▸ **Your assignment**
Copy, word for word, each line of the data below from the first through the line containing "Madewell - Black", and stop there.

--- START ---

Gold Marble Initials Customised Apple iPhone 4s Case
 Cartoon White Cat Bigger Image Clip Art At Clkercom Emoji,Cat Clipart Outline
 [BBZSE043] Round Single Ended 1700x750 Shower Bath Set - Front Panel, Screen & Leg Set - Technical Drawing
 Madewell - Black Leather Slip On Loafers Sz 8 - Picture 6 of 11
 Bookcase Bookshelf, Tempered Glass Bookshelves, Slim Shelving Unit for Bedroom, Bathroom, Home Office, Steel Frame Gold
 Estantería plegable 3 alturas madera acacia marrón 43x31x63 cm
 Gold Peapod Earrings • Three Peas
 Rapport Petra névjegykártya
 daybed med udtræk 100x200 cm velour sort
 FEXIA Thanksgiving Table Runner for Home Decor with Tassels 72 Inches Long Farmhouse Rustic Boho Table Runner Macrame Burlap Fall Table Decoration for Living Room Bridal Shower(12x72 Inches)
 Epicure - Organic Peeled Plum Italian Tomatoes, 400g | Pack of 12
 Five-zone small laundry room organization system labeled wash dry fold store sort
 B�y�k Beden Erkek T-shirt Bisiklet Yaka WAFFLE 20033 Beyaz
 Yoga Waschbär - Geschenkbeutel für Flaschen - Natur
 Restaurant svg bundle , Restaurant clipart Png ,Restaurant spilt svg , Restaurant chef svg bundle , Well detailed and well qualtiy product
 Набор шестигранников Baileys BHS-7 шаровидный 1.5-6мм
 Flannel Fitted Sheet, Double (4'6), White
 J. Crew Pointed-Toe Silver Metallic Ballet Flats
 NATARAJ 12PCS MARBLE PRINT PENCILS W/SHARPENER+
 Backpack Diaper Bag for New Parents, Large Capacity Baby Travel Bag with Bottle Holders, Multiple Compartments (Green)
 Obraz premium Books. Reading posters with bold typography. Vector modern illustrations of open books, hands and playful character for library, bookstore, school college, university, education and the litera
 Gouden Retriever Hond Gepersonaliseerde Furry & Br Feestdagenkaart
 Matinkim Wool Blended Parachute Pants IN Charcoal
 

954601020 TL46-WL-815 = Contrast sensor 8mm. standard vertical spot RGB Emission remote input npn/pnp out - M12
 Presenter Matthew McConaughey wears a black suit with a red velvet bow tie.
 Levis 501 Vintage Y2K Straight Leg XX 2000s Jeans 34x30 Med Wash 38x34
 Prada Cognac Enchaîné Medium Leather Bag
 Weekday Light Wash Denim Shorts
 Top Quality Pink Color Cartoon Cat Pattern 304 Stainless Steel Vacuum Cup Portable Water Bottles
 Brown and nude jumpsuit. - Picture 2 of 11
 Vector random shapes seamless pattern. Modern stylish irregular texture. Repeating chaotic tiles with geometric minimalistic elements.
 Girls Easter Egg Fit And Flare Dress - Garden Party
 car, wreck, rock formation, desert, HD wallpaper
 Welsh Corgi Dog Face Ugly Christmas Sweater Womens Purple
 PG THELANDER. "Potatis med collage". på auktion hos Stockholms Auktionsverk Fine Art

--- END ---

▸ **Your solution**
Gold Marble Initials Customised Apple iPhone 4s Case
 Cartoon White Cat Bigger Image Clip Art At Clkercom Emoji,Cat Clipart Outline
 [BBZSE043] Round Single Ended 1700x750 Shower Bath Set - Front Panel, Screen & Leg Set - Technical Drawing
 Madewell - Black Leather Slip On Loafers Sz 8 - Picture 6 of 11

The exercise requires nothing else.